▸ **Work required**
Your output should be the line that contains "28/33 шт./упаковка, многофункциональные" and all lines after it in the records, retyped exactly through the last one.

-- Material supplied follows --

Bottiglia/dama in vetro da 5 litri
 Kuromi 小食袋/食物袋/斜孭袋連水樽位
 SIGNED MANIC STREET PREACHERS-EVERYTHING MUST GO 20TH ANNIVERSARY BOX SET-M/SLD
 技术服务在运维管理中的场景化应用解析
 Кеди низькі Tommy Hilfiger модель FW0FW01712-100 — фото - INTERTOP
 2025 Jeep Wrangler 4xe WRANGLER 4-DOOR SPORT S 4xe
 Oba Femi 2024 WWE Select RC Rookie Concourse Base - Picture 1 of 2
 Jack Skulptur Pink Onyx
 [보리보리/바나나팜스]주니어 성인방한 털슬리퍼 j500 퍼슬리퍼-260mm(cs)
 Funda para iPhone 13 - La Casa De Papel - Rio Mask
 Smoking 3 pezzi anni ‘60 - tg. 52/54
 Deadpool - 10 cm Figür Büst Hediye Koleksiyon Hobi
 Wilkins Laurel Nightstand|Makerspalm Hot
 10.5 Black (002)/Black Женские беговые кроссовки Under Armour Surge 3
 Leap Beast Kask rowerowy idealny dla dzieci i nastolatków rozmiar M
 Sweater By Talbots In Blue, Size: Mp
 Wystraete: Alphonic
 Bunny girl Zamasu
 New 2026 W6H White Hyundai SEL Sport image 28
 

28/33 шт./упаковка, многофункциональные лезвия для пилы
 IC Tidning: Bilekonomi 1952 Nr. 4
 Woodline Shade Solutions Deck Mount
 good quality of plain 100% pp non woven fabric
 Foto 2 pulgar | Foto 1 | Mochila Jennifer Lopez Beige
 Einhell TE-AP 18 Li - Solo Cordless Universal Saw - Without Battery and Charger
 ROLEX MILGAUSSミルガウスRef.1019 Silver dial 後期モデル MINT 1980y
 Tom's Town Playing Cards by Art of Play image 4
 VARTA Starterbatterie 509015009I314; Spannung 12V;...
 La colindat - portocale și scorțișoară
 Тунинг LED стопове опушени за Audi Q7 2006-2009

-- Material supplied concluded --

▸ **Written solution**
28/33 шт./упаковка, многофункциональные лезвия для пилы
 IC Tidning: Bilekonomi 1952 Nr. 4
 Woodline Shade Solutions Deck Mount
 good quality of plain 100% pp non woven fabric
 Foto 2 pulgar | Foto 1 | Mochila Jennifer Lopez Beige
 Einhell TE-AP 18 Li - Solo Cordless Universal Saw - Without Battery and Charger
 ROLEX MILGAUSSミルガウスRef.1019 Silver dial 後期モデル MINT 1980y
 Tom's Town Playing Cards by Art of Play image 4
 VARTA Starterbatterie 509015009I314; Spannung 12V;...
 La colindat - portocale și scorțișoară
 Тунинг LED стопове опушени за Audi Q7 2006-2009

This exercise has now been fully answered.